--- INPUT DATA ---
_ _ _

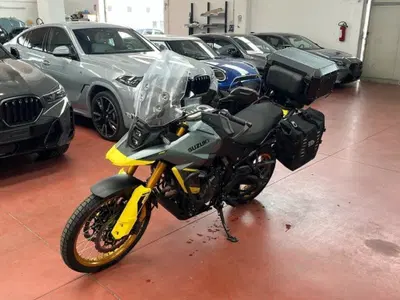 Suzuki V-Strom 800DE (2023 - 24) usata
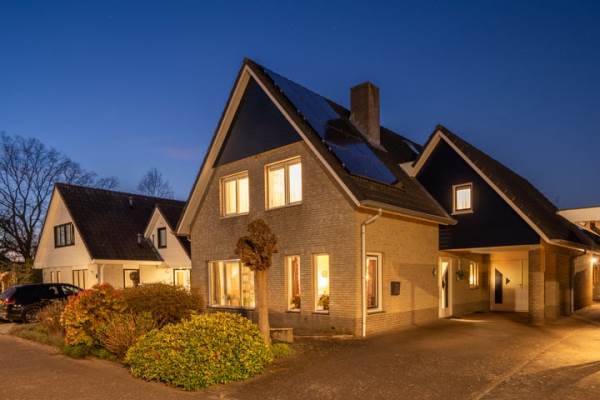 Woning De Patrijs 33 Almelo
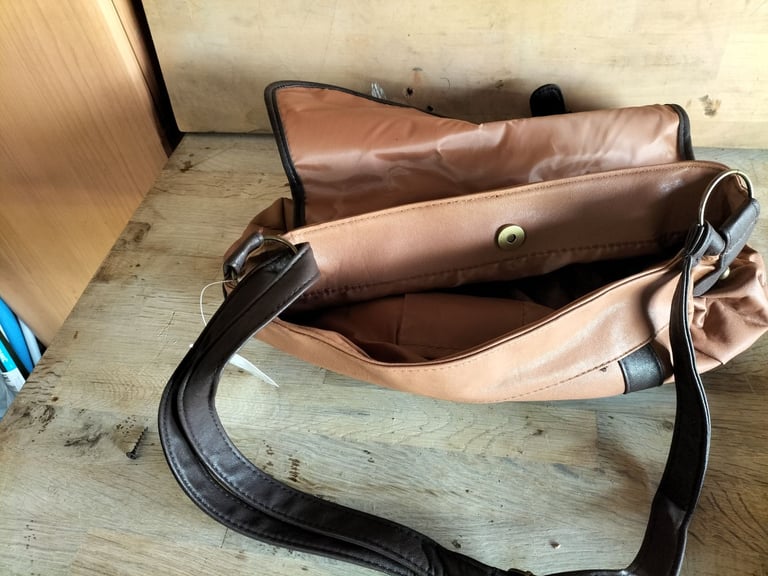 Nicole handbag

_ _ _

--- EXERCISE GOAL ---
Return every line above verbatim, pictures excluded.

--- SOLVED EXERCISE ---
 Suzuki V-Strom 800DE (2023 - 24) usata
 Woning De Patrijs 33 Almelo
 Nicole handbag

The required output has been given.